INPUT DATA:
_ _ _ _

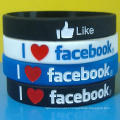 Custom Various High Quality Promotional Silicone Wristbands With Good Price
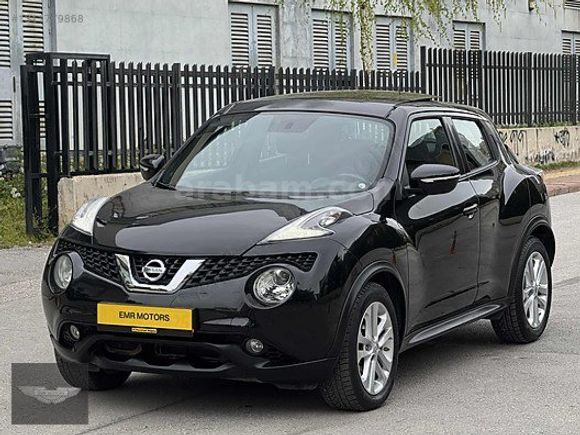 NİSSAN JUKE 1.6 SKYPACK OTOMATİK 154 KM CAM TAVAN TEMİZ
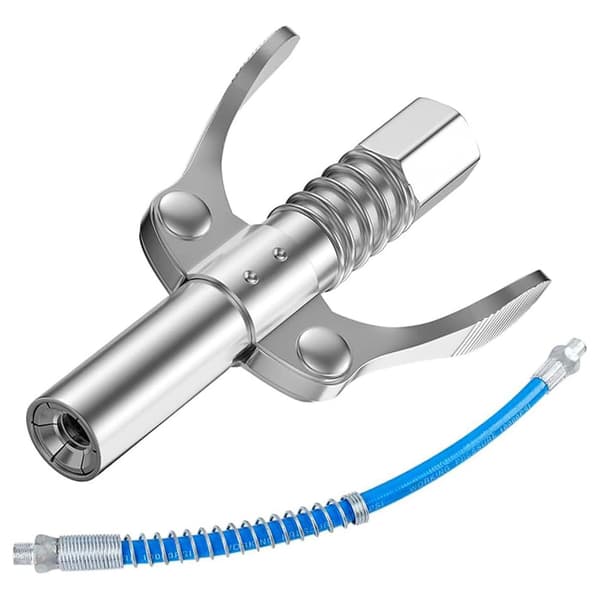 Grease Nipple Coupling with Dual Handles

_ _ _ _

WORK INSTRUCTION: Transcribe the span of lines that runs from the line with "NİSSAN JUKE 1.6" to the end of the data, both ends included, exactly, with nothing else and no pictures.

WRITTEN SOLUTION:
 NİSSAN JUKE 1.6 SKYPACK OTOMATİK 154 KM CAM TAVAN TEMİZ
 Grease Nipple Coupling with Dual Handles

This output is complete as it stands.